C’était juste avant que Juraj Simek, ce héros, n’offre miraculeusement la victoire aux Genevois dans une fin de rencontre renversante, inespérée pour la bande à Chris McSorley (3-4). Alors que les fans de la Resega étaient en colère, Yannick Weber a reçu, lui, une orange sur la tête et l’arbitre M. Popovic, qui avait menacé de faire évacuer les tifosis à mi-match, un manche de drapeau en pleine figure. Il a connu une sortie difficile. Kevin Romy, qui avait égalisé et remis son équipe sur le bon chemin, connaît bien cette ambiance si particulière au Tessin. Le Chaux-de-Fonnier des Vernets effectuait hier son retour dans cette patinoire après y avoir passé sept saisons.

Kevin Romy, comment avez-vous vécu ce come-back à la Resega: deux buts et une victoire, vous ne pouviez pas rêver d’un meilleur retour, non?

Oui c’est vrai mais le plus important c’est le succès de l’équipe.

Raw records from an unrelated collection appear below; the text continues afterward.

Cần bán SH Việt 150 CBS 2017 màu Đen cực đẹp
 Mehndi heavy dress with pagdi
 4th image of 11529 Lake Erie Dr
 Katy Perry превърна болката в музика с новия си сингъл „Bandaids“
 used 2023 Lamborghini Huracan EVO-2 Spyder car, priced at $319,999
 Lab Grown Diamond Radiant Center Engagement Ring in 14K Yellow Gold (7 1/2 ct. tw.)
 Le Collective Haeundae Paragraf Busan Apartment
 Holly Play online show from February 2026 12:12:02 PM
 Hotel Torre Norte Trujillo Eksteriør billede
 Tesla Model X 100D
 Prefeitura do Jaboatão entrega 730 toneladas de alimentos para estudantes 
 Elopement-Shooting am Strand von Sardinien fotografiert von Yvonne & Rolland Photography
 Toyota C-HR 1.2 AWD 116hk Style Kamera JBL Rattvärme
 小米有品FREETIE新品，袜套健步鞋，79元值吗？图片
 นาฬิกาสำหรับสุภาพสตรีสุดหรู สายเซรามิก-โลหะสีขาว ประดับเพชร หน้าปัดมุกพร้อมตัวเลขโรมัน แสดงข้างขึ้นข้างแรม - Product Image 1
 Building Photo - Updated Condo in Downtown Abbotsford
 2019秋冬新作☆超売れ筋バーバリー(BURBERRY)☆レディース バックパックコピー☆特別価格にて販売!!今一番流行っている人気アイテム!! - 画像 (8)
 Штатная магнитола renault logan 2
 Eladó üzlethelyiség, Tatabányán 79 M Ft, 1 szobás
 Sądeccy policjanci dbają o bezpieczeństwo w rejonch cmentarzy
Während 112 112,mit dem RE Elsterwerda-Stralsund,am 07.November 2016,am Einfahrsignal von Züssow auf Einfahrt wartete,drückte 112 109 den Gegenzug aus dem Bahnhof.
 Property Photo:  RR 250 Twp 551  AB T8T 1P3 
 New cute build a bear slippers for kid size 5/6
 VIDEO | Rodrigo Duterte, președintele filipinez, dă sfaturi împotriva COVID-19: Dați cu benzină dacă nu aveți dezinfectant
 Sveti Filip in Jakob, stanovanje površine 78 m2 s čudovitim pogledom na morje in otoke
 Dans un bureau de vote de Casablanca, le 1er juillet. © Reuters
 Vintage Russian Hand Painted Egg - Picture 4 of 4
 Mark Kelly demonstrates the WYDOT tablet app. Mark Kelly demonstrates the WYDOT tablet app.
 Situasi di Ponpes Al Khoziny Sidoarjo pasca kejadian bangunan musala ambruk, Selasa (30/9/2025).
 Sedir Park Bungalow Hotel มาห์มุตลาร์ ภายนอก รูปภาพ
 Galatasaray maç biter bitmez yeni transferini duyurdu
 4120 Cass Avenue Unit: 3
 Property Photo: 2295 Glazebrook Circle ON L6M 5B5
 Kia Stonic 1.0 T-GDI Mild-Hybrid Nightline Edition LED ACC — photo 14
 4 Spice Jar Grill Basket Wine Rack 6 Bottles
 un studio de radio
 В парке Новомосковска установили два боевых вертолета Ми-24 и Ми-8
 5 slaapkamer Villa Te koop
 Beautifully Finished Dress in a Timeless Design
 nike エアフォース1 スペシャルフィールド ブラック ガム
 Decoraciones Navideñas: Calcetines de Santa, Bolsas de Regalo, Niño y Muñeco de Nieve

C’est certain, en ce qui me concerne, qu’il y a eu des émotions particulières de retrouver la Resega, mais je suis surtout content d’avoir gagné, qu’on ait assuré l’essentiel. Maintenant, il y a encore des détails à améliorer. On a encore pris trop de pénalités...

Ce public est vraiment chaud et intimidant: était-il déjà ainsi lorsque vous portiez le chandail de Lugano?

Si, si, le public ici je le connais bien. C’est le Tessin. Les gens ont le sang chaud. Ils sont restés fidèles à eux-mêmes. Il y a eu beaucoup d’interruption, d’émotion, c’était très long et à la fin on s’en sort vraiment bien.

GE Servette a réussi un bon début de match (0-1 puis 1-2 à la 30e) avant que Lugano, via un Bergeron déterminant, ne prenne l’ascendant (3-2, 40e). Comment expliquez-vous ce retour de flamme servettien sur la fin?

C’est une nouvelle fois une question de caractère. On en a beaucoup en ce début de saison. L’équipe a joué durant 60 minutes. Comme je l’ai déjà dit, on a pris trop de pénalités ce soir et cela nous a coûté beaucoup d’effort et de sacrifices. Mais, à la fin, on marque encore en infériorité numérique, parce qu’on a travaillé jusqu’au bout. C’est ce qui a fait la différence.

C’est la huitième fois que vous mariquiez en box-play: allez-vous désormais jouer finalement à quatre pour gagner des matches?

Il est vrai qu’on éprouve encore de la peine en power-play. On ne va pas pouvoir marquer toujours des buts en infériorité numérique. Les situations spéciales sont devenues très importantes dans le championnat. On se doit d’améliorer notre jeu de puissance si on veut rester en tête.